What does the relationship between Henry and his owner offer at a time when the work of caretaking has taken on particular/critical relevance?
This film started off as a way of talking about aging, inspired by my namesake, Ann-Marie [spelled with a hyphen] Fleming, who I often get mixed up with in internet searches. The other Ann-Marie has a company that makes technologies for aging dogs and also for their humans. I was struck by the compassion she has for these vulnerable animals, helping them navigate the latter stages of their lives, and by how much dogs have to teach human beings.
With the COVID-19 pandemic, the way we take care of our elders and our most vulnerable is being exposed starkly, and our global values are being put to the test. Not just medical practitioners, but all caregivers are our frontline people. For the rest of us, the care we take of ourselves and of each other can mean the difference between life and death, sustaining or collapsing economies, mental and physical well-being. It has always been so, but now it is up front and centre.

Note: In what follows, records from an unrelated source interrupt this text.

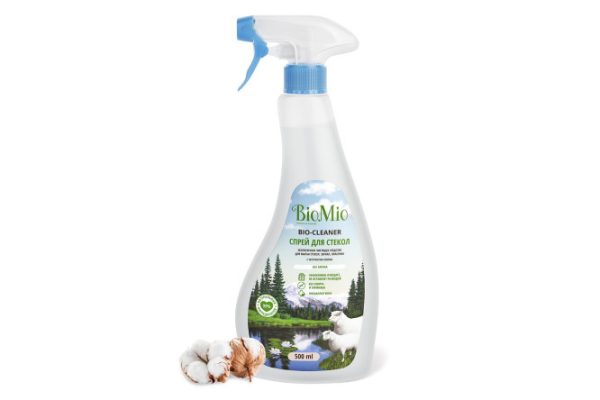 Cleaning agent for glass, mirrors and plastic BioMio Bio-Glass Cleaner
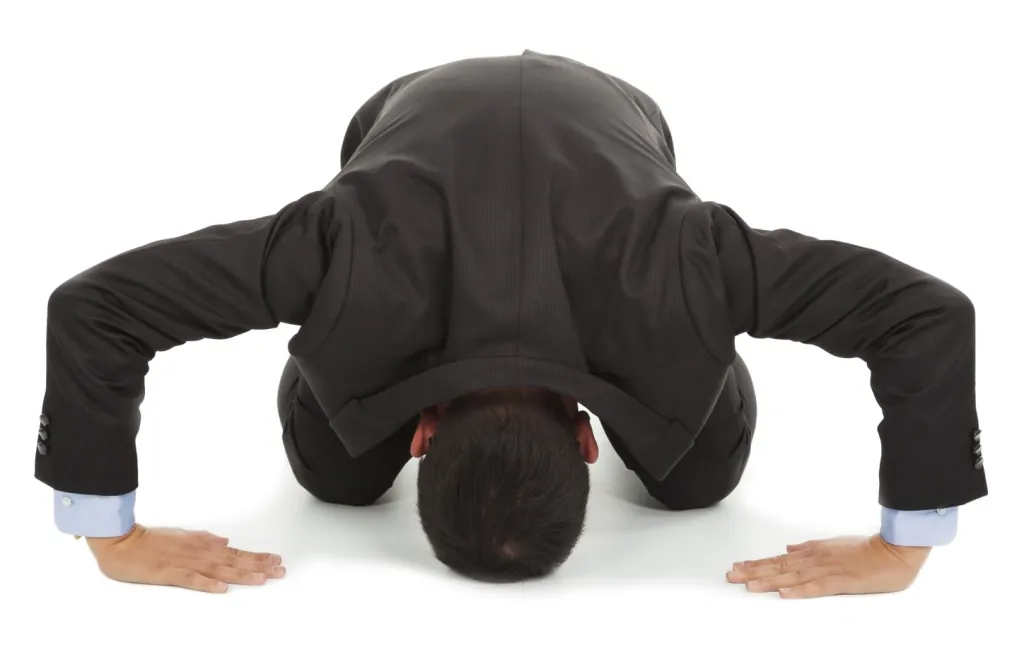 Man apologising dogeza style.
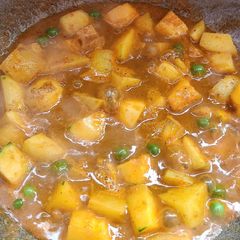 A picture of Aloo Matar Gravy.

Aging affects animals and humans in different ways, but there are some surprising commonalities. Do you think it’s easier to understand and accept the challenges of aging when it’s filtered through the experience of other creatures?
Absolutely! That’s why I wanted to make this film. Some people may think we treat animals better than human beings, that, in fact, we treat them too well. The first part may be true, but the second part isn’t. What if we treated people with the same patience, care, good humour and acceptance that we show to our four-legged friends? Caring can make the difference between a life of joy and security and one of sadness and neglect.
Was it important to tell this story through the medium of animation?
Animation is the perfect medium to tell this story. It makes the experience of the human and the dog more universal. Animation allows you to come closer to a subject, oddly, because it is at a slight distance. You don’t necessarily have personal memories associated with what or who you are seeing, which allows everybody into the story. It’s not this dog and that man, it’s the world of the possible.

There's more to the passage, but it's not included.